There’s the library, Specter. You’re all familiar with Specter? It’s not very commonly used as far as I know. It helps manipulate this deep data structures. It has this composable system for reaching deep down into a data structure. You could do stuff like capitalize every other name, something like that. Instead of having to pull it apart and then put it back together, you just do it in one step.
I don’t think there’s anything really for dealing with long functions. I don’t know if it’s really even a technological solution. I just wanted to mention these because I think that they do show that the problem is real and that people are feeling this problem.
I’m not going to go into them anymore. I don’t want to deal with this on a technological level. I don’t think it’s a technological problem. I actually think it is a social problem or a design problem let’s call it.

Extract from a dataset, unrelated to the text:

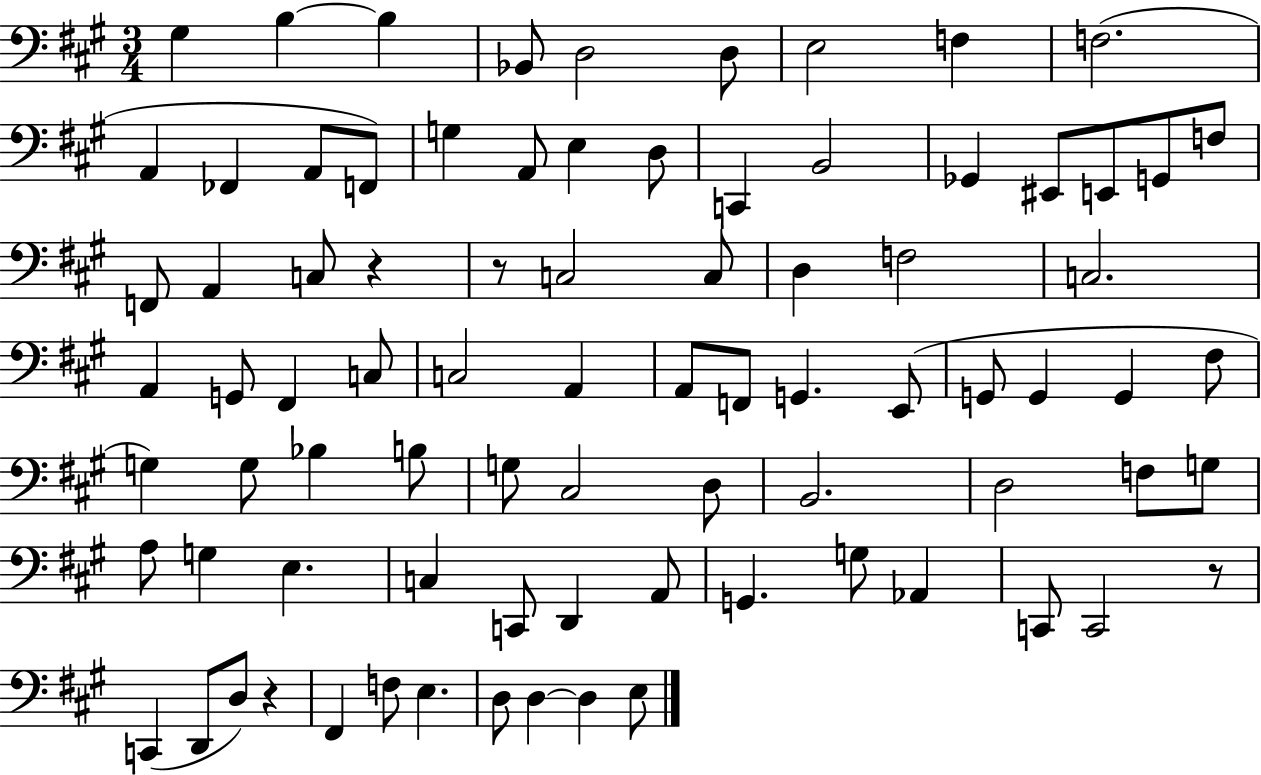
G#3/q B3/q B3/q Bb2/e D3/h D3/e E3/h F3/q F3/h. A2/q FES2/q A2/e F2/e G3/q A2/e E3/q D3/e C2/q B2/h Gb2/q EIS2/e E2/e G2/e F3/e F2/e A2/q C3/e R/q R/e C3/h C3/e D3/q F3/h C3/h. A2/q G2/e F#2/q C3/e C3/h A2/q A2/e F2/e G2/q. E2/e G2/e G2/q G2/q F#3/e G3/q G3/e Bb3/q B3/e G3/e C#3/h D3/e B2/h. D3/h F3/e G3/e A3/e G3/q E3/q. C3/q C2/e D2/q A2/e G2/q. G3/e Ab2/q C2/e C2/h R/e C2/q D2/e D3/e R/q F#2/q F3/e E3/q. D3/e D3/q D3/q E3/e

The underlying cause of all these symptoms is that we’re working at the wrong level of meaning. We have this expression. I actually heard it a few time yesterday here. “It’s just data.” It’s one of the advantages of Clojure. You don’t have to make all these classes, other kinds of abstractions, just to start working.
You just treat the thing as data. It’s just data, but I think that that is misunderstood. It doesn’t mean you don’t come up with new levels of meaning and neglect the data. It’s data and it’s got meaning. As an example, this is some data. What’s the outer thing? What is this piece of data? What kind of data is this? What kind of data structure? Someone shout it out.
Audience Member: [indecipherable 6:04] .
Eric: A map. Yes, it’s a map, but it’s also something else. It’s also, this first thing is a character. It’s a bunch of characters. This is what I mean by going at different levels. You can actually see that there’s this code. It’s a map but it’s also just a sequence of characters.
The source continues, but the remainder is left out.